Personal information
- Born: June 28, 1984 (age 41) Ottawa, Ontario, Canada
- Listed height: 6 ft 8 in (2.03 m)
- Listed weight: 244.2 lb (111 kg)

Career information
- College: Oklahoma Baptist (2005–2007)
- NBA draft: 2007: undrafted
- Playing career: 2007–2020
- Position: Power forward / center

Career history

Playing
- 2007–2008: Panthers Fürstenfeld
- 2008–2009: Antranik Beirut
- 2009: Al Arabi
- 2009–2010: Hoverla Ivano-Frankivsk
- 2010: Al Kuwait
- 2010: BCM Gravelines
- 2010–2011: Dnipro-Azot
- 2012: Soles de Mexicali
- 2012–2013: Byblos Club
- 2013: Igokea
- 2013–2014: Byblos Club
- 2014–2015: Homenetmen Beirut
- 2015–2017: Polfarmex Kutno
- 2017: Sagesse Club
- 2017–2018: Ciclista Olímpico
- 2018: Rosa Radom
- 2018: Pallacanestro Piacentina
- 2018–2019: AZS Koszalin
- 2019: Hamilton Honey Badgers
- 2019–2020: MKS Dąbrowa Górnicza

Coaching
- 2022–present: Hamilton / Brampton Honey Badgers (assistant)

Career highlights
- Austrian Basketball Bundesliga All-Star Game MVP (2008);

= Michael Fraser (basketball) =

Canadian basketball player

Michael Fraser (born June 28, 1984) is a Canadian former professional basketball player currently working as an assistant coach for the Brampton Honey Badgers of the Canadian Elite Basketball League (CEBL). He played college basketball for the Oklahoma Baptist Bison.

==Professional career==
In July 2013, he signed with KK Igokea. He was released in October after playing only one game. He then returned to Byblos Club for the rest of the season.

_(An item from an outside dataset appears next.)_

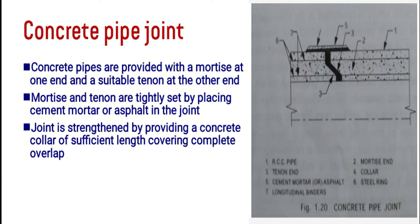For the concrete pipe joint, the pipe ends are named the mortise end and the tenon end. Cement mortar or asphalt is placed in the joint. The concrete pipe joint relies on a complete overlap of the ends, and a concrete collar is provided over the joint for additional strength.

In November 2014, he signed with Homenetmen Beirut for the 2014–15 season.

On September 1, 2015, he signed with Polfarmex Kutno of the Polish Basketball League. After two seasons with Polish club, in September 2017, he returned to Lebanon and signed with Sagesse Club.

In 2018, he played for Rosa Radom of the Polish Basketball League.